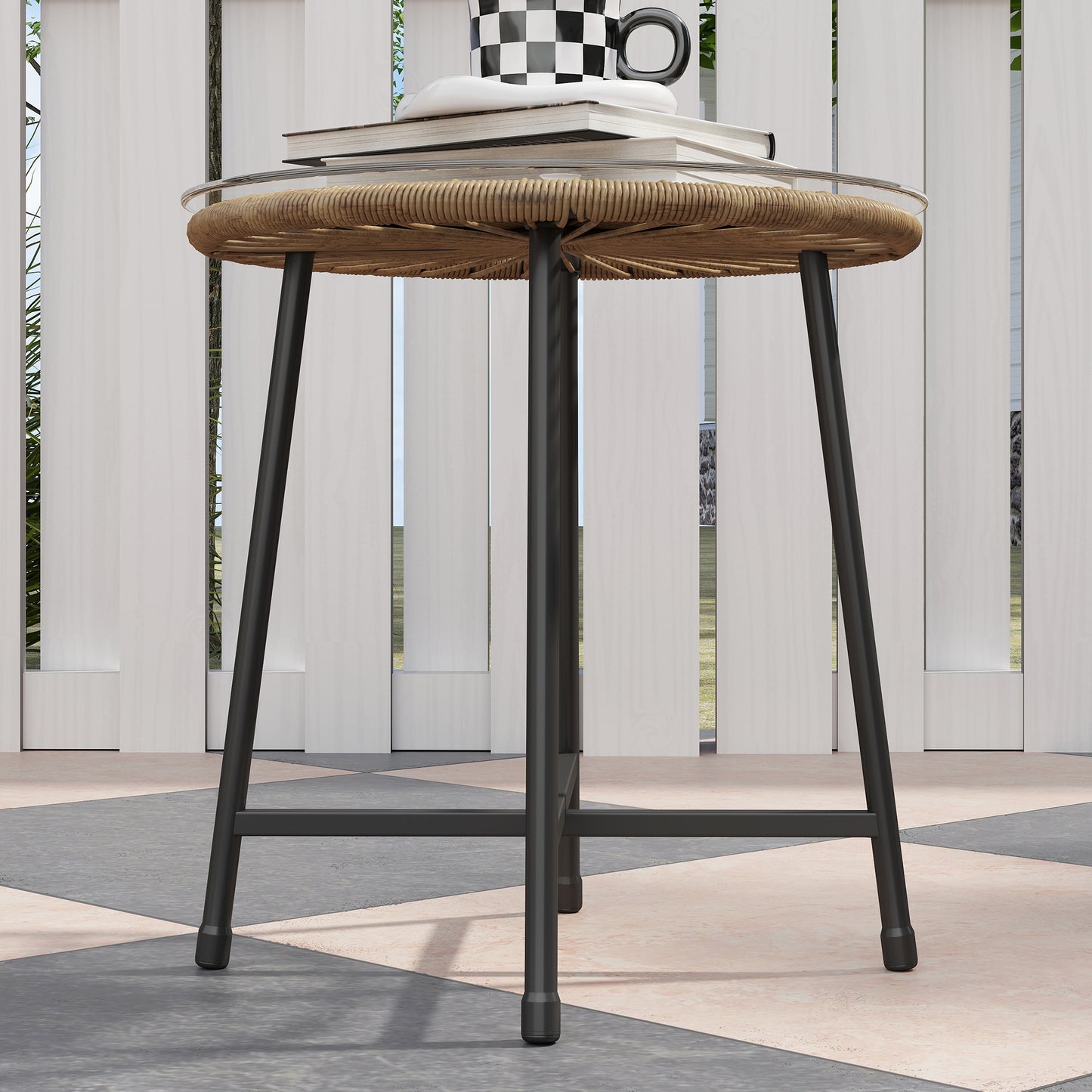 3 Pieces Rattan Bistro Set, Wicker Small Garden Table and Chairs Set with Cushions and Glass Top Coffee Table, Bistro Garden Furniture Set, Natural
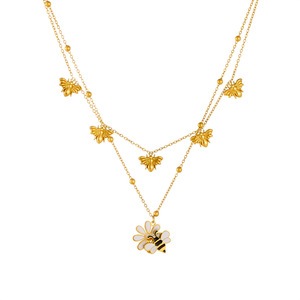 Daisy Bee Pendant Stainless Steel Double Layer Clavicle Necklace Flower Insect Design Gift Jewelry - Product Image 5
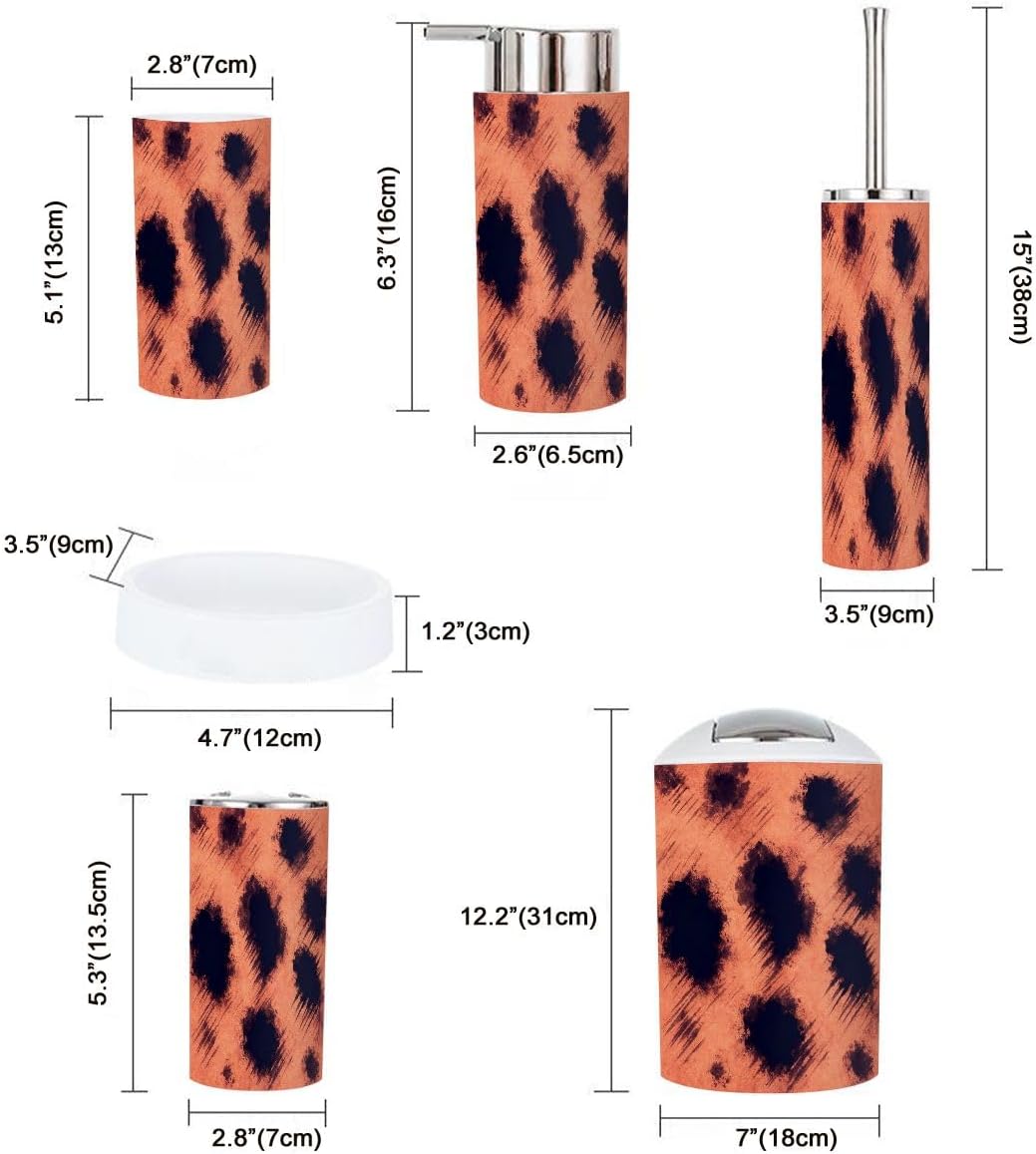 Boho Caramel Giraffe Farm Animal Bathroom Accessories Set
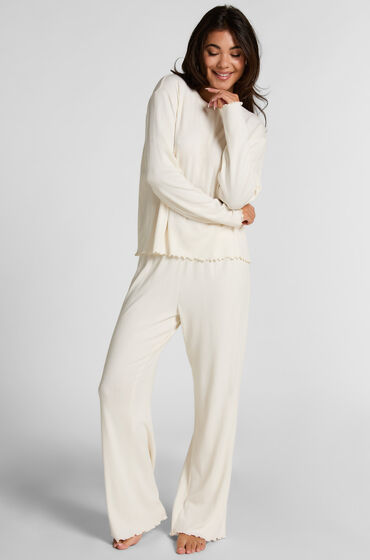 Hunkemöller Pyjama Pant Loose Pointelle Vit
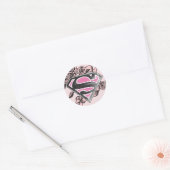 Sticker Rond Logo Supergirl avec Rose (Enveloppe)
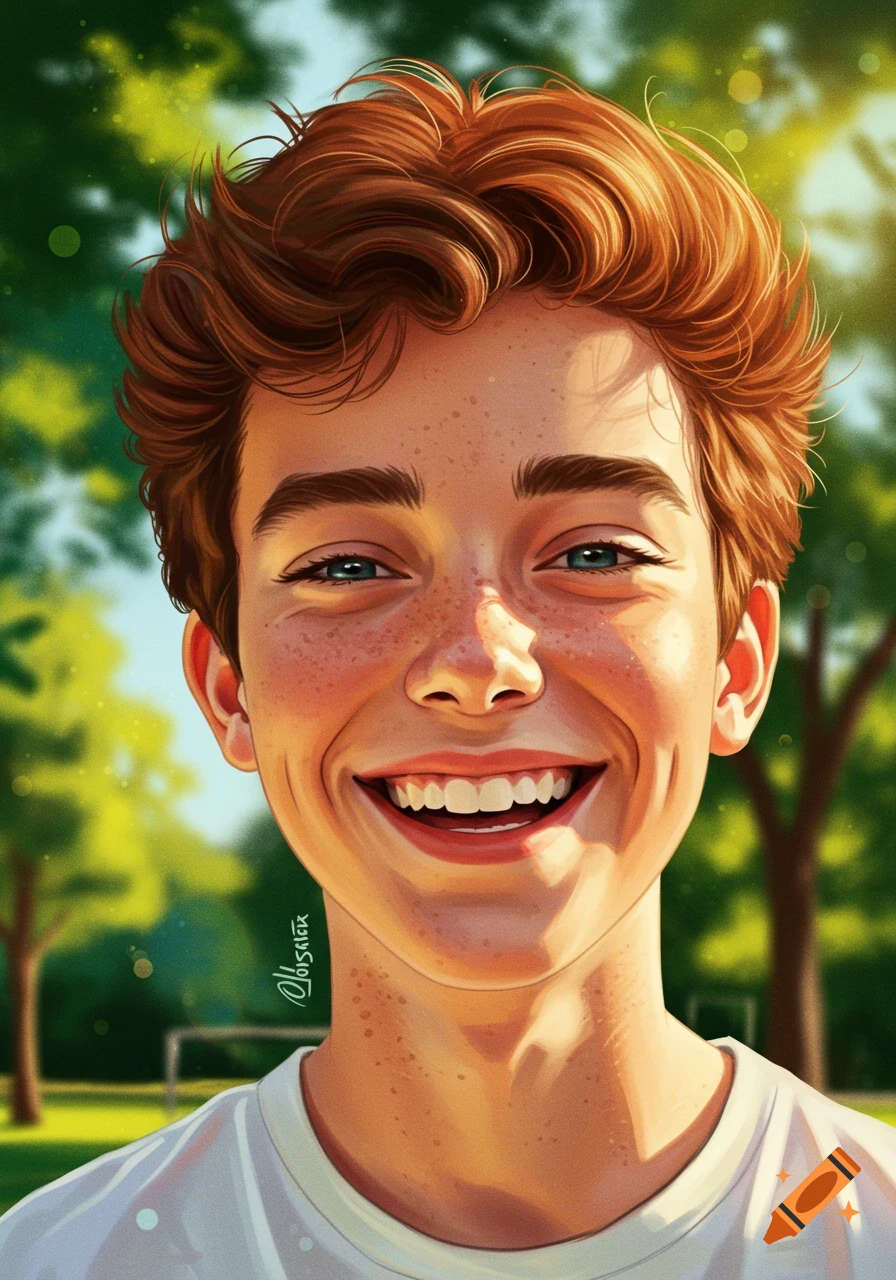 A close-up stylized digital painting of a smiling young boy with red hair and freckles, bathed in warm sunlight outdoors.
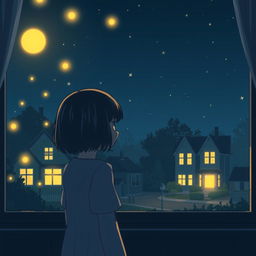 A peaceful night scene featuring a girl with bobbed hair gazing out of her bedroom window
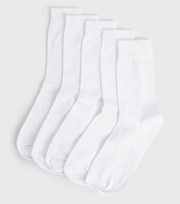 New Look 5 Pack White Ankle Socks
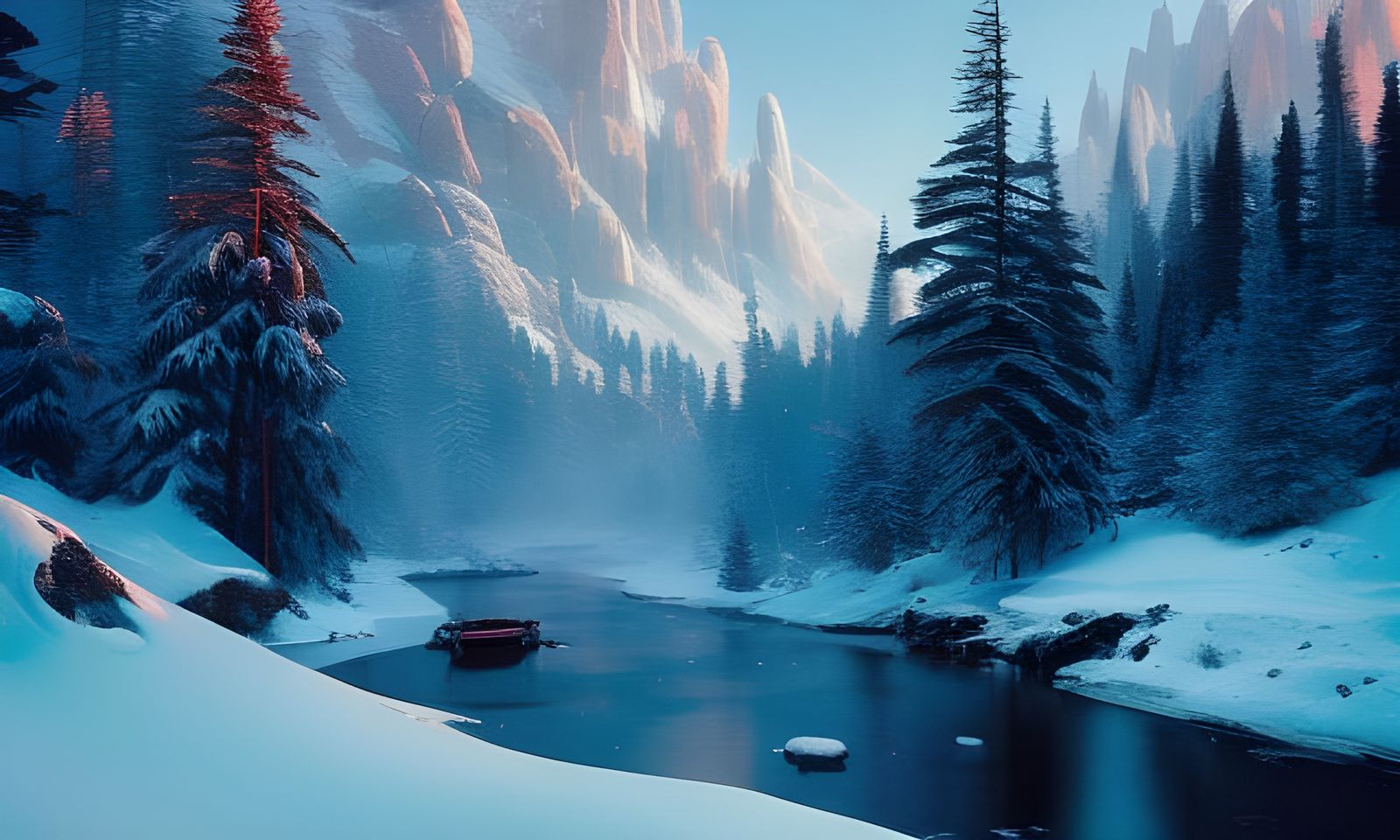 Snowy Mountain Valley: Detailed Matte Photography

= = = = =

*Required action*
Every line from the one containing "New Look 5 Pack White Ankle Socks" through the final line of the records above is to be written out exactly; nothing else, and no pictures.

*Response to the task*
 New Look 5 Pack White Ankle Socks
 Snowy Mountain Valley: Detailed Matte Photography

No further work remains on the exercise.